* _WORK TASK_
An image-free reproduction of the data below is needed: print it exactly.

* _SOURCE DATA_
___
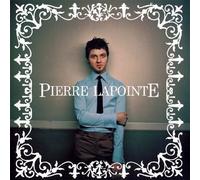 Pierre Lapointe - Pierre Lapointe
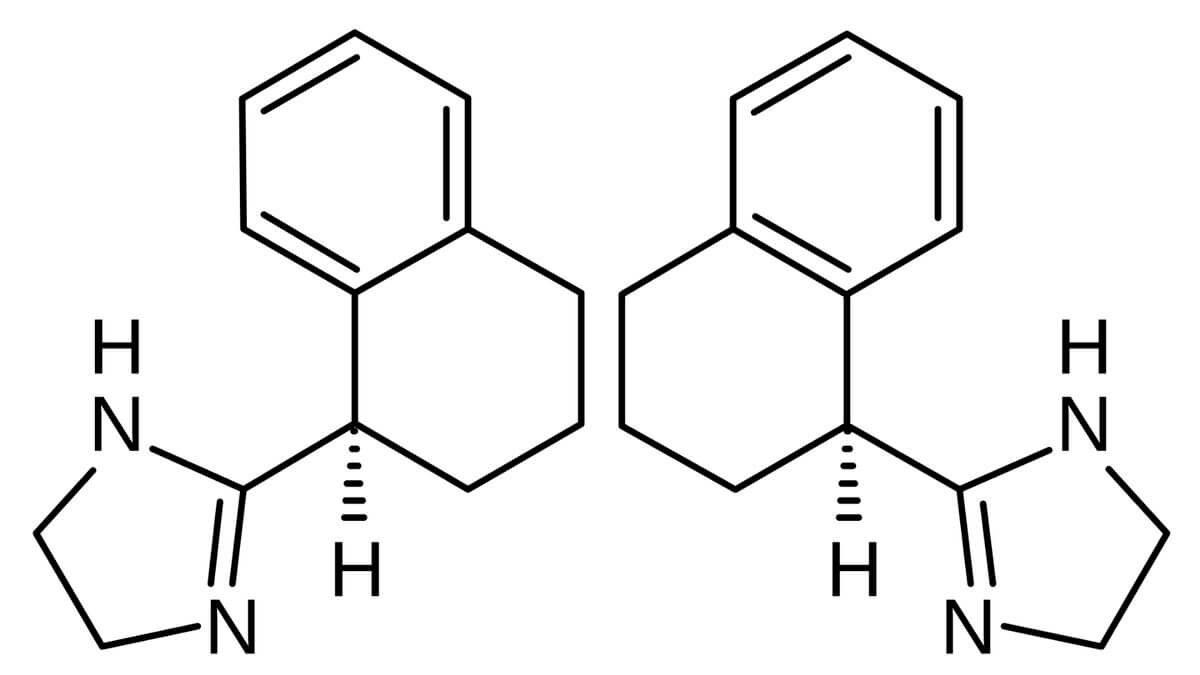 Tetryzolin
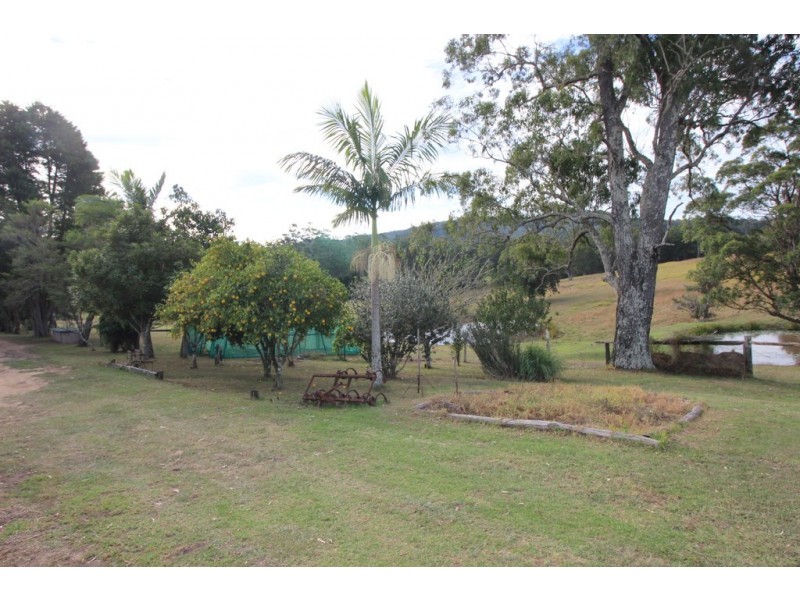 982 Mungay Creek Road, Mungay Creek NSW 2440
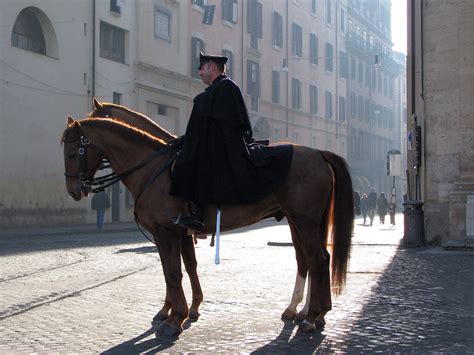 Two-headed horse... | Rome, 25 December 2007 Now... Don't as… | Flickr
___
* _REPLY TO THE TASK_
 Pierre Lapointe - Pierre Lapointe
 Tetryzolin
 982 Mungay Creek Road, Mungay Creek NSW 2440
 Two-headed horse... | Rome, 25 December 2007 Now... Don't as… | Flickr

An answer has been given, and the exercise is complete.